Another approach to solving the same problem would be rasterizing the background of the plot while keeping axes, frames, labels, epilogs as vector objects. I've used the function given at the end to rasterize some huge density plots (with up to 30,000 polygons). The function preserves plot coordinates, so it's easy to position annotations or other objects on top. It's also possible to re-use the density plot in composite figures (e.g. those made with LevelScheme).

rasterizeBackground[g_, res_: 450] :=
 Show[
   Rasterize[
    Show[g,
      PlotRangePadding -> 0, ImagePadding -> 0, ImageMargins -> 0, 
      LabelStyle -> Opacity[0], FrameTicksStyle -> Opacity[0], 
      FrameStyle -> Opacity[0], AxesStyle -> Opacity[0], 
      TicksStyle -> Opacity[0], PlotRangeClipping -> False
    ], 
    "Graphics",
    ImageResolution -> res] /. 
   Raster[data_, rect_, rest__] :> 
    Raster[data, 
     Transpose@OptionValue[AbsoluteOptions[g, PlotRange], PlotRange], 
    rest], Sequence @@ Options[g], Sequence @@ Options[g, PlotRange]]
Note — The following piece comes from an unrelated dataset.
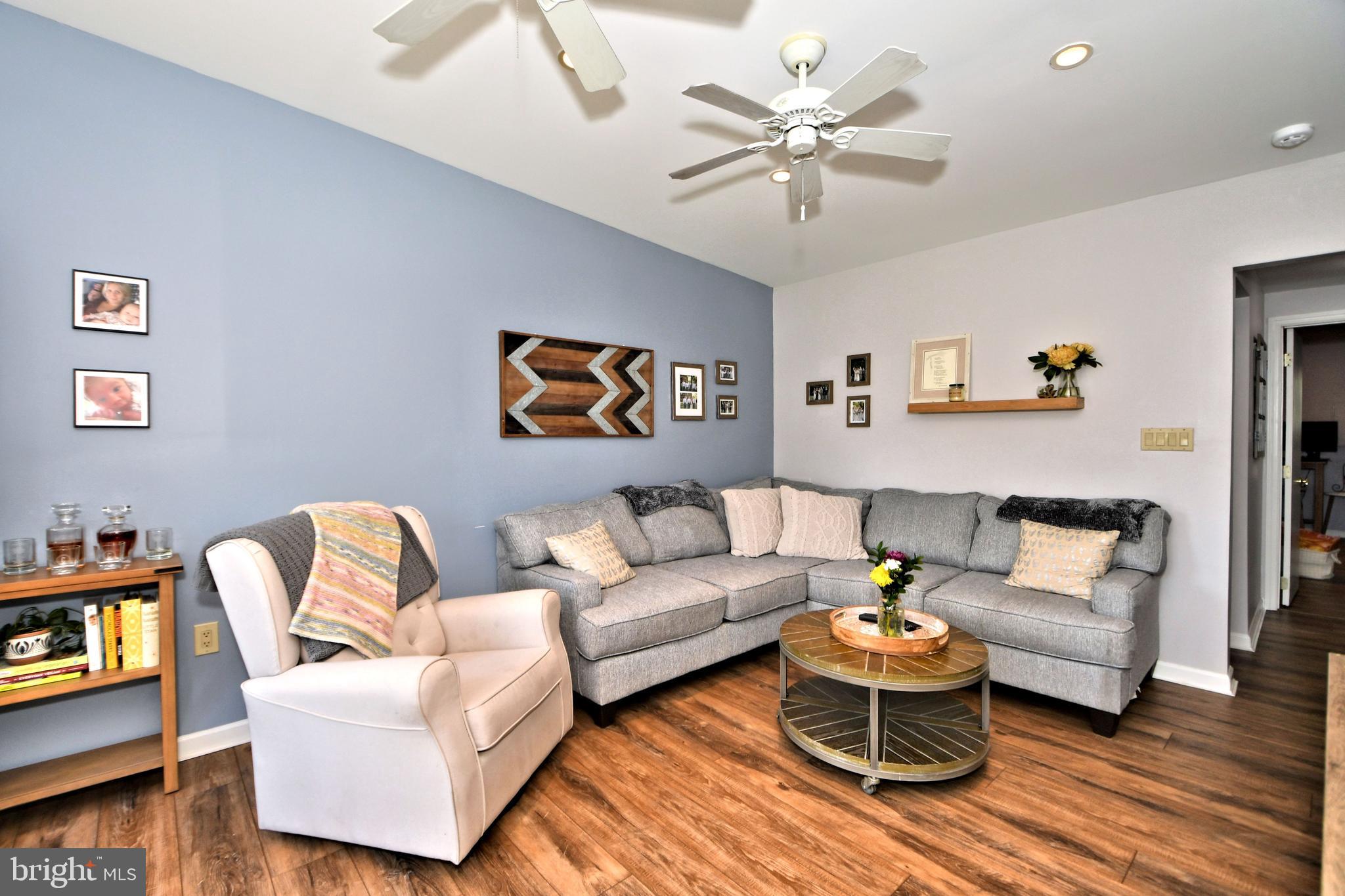 9326 Trout Road Philadelphia, PA 19115 - Photo 4 of 30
So I've changed your function around a little bit, but I've also added some of the functionality you're after. I think you are looking for:

  • OptionsPattern
  • FilterRules
  • Options
  • Tutorial on creating functions with options

Also, while checking if there were new questions, I noticed this intro to some of the above functions: Functions with Options

Here is the new function:

Clear[graph]
graph[expr_, level_, contours_, color_, opts : OptionsPattern[]] := 
 Module[{p, pOpt, allLines},
  allLines = Flatten@Reverse@Table[
      p = RegionPlot[
        expr < level, {x, 0, 4 Pi}, {y, 0, 4 Pi}, PlotStyle -> None, 
        Evaluate[FilterRules[{opts}, Options[RegionPlot]]]
        ];
      pOpt = p[[2]];
      {EdgeForm@Directive[Black, Thickness[Medium]], 
       FaceForm@Directive[Opacity[1], color], 
       FilledCurve[List /@ Cases[Normal[p], _Line, Infinity]]}
      , contours];
  Graphics[allLines, pOpt, FilterRules[{opts}, Options[Graphics]]]
  ]

If I use it as follows:

graph[Cos[x] + 1.1*Sin[y], c, {c, -2.2, 2.2, 0.2}, Hue[(c + 2)/4], 
 PlotRange -> {{0, 8}, Automatic}, Frame -> False, Axes -> True]

I get:

Mathematica graphics

So you get a bit of the functionality back. This can probably act as a jumping off point.